*Requirement*.
Below are the records; extract from them the line containing "Radio mode |" to the line containing "Hand Gently Holds", both lines included, exactly and with no pictures.

*** Opening Data to examine ***

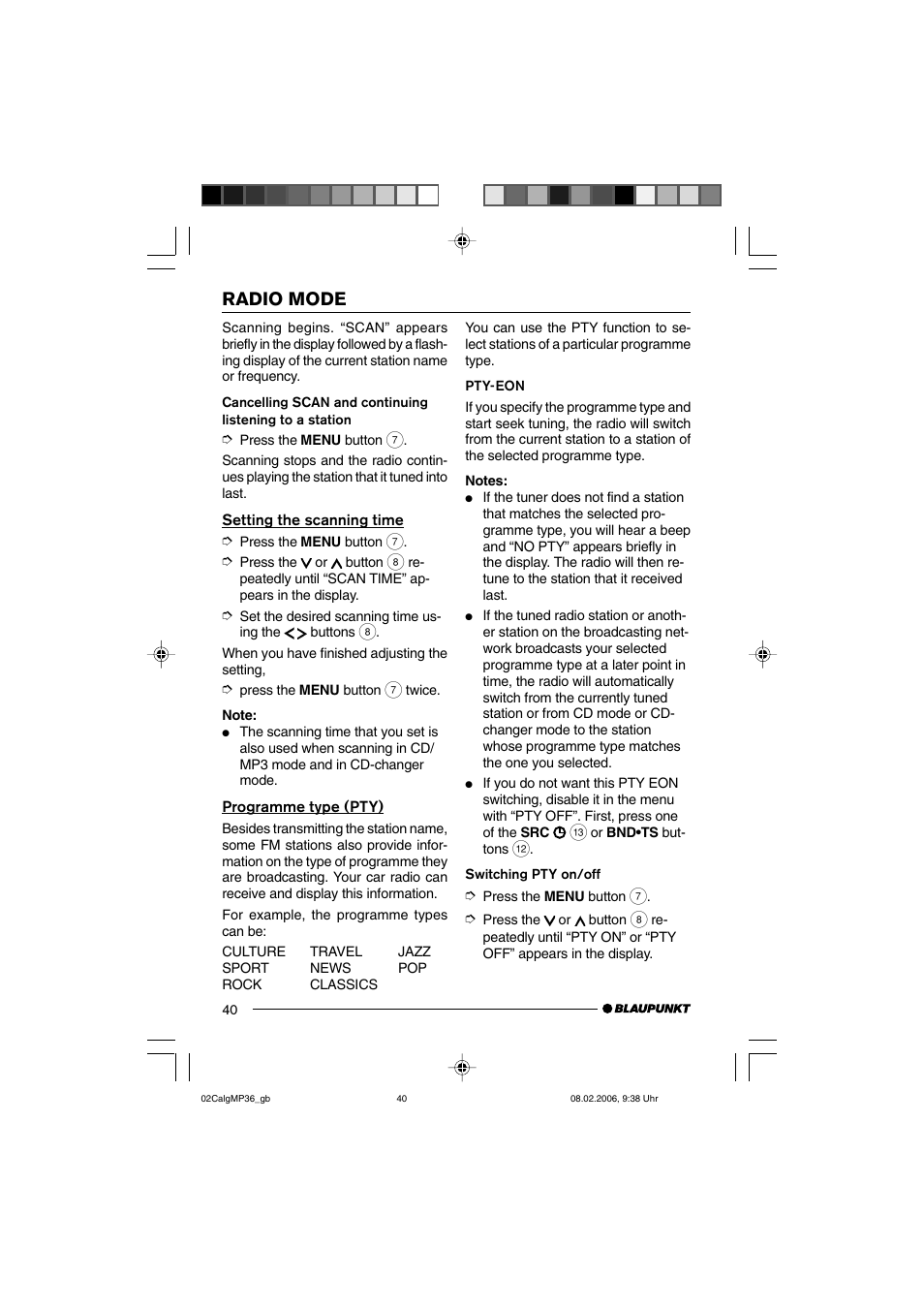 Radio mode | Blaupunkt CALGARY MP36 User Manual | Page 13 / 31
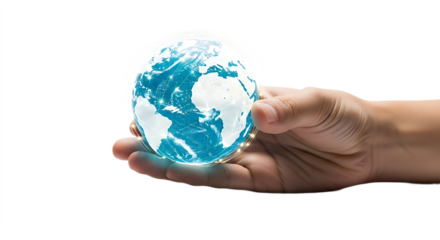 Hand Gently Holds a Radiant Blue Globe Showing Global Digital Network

*** Closing Data to examine ***
*** Opening Data to examine ***

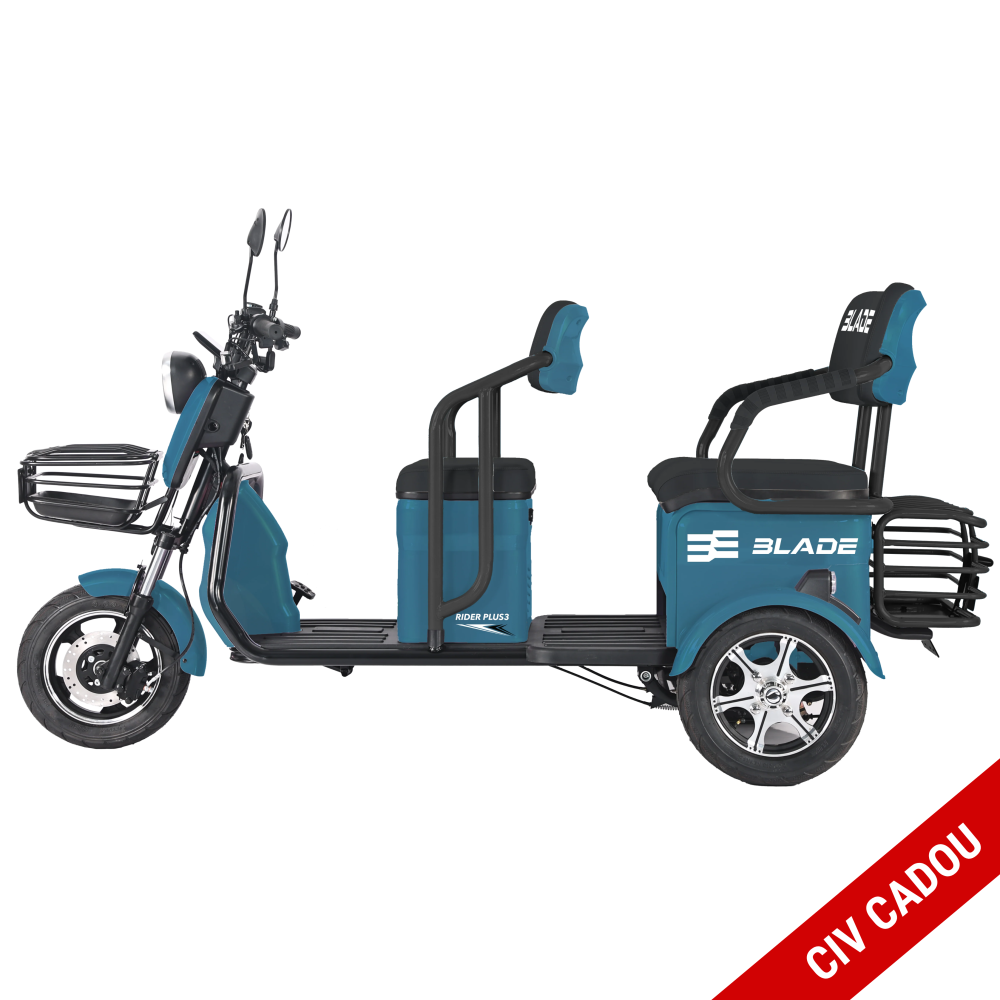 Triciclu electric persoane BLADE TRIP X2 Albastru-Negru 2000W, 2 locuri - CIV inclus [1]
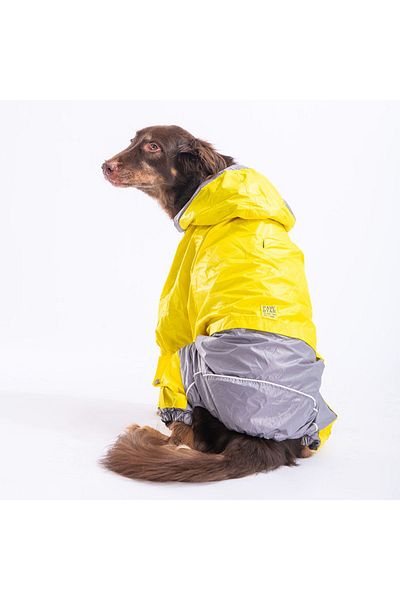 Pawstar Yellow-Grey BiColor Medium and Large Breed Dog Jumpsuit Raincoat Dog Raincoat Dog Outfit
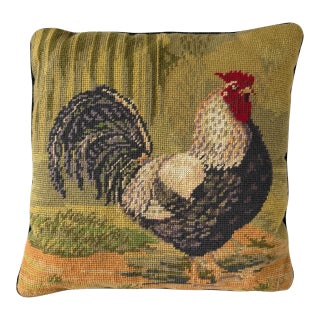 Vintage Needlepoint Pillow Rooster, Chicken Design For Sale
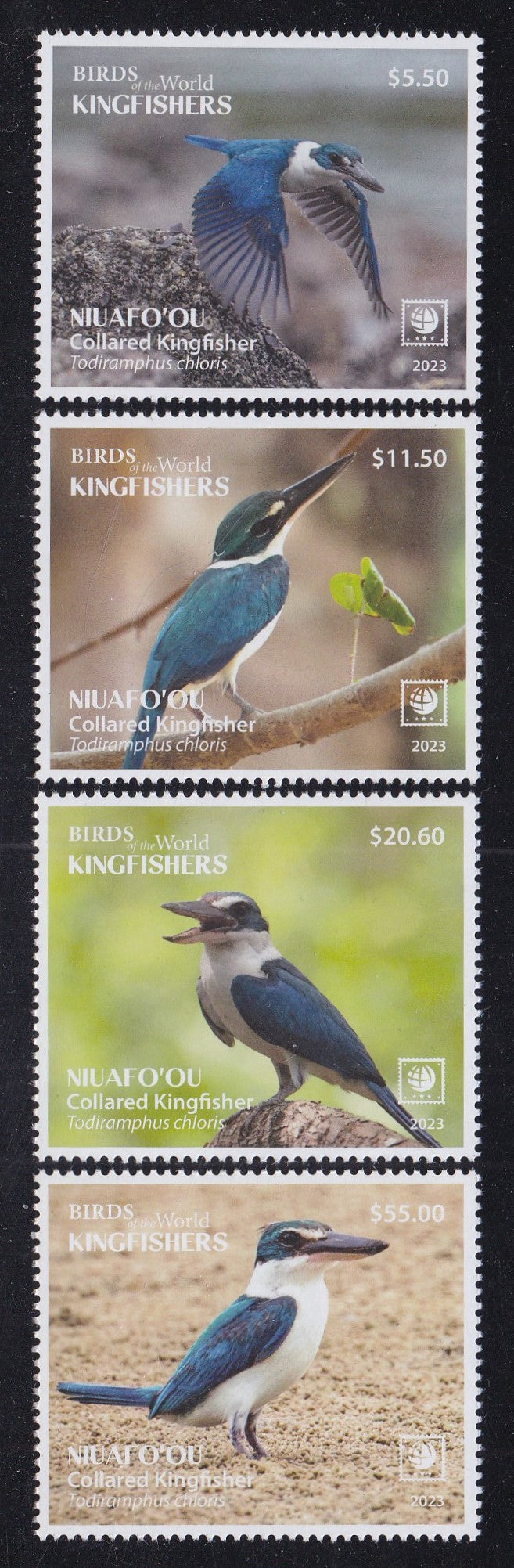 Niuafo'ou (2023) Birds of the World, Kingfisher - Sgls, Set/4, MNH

*** Closing Data to examine ***

*Reply*.
 Radio mode | Blaupunkt CALGARY MP36 User Manual | Page 13 / 31
 Hand Gently Holds a Radiant Blue Globe Showing Global Digital Network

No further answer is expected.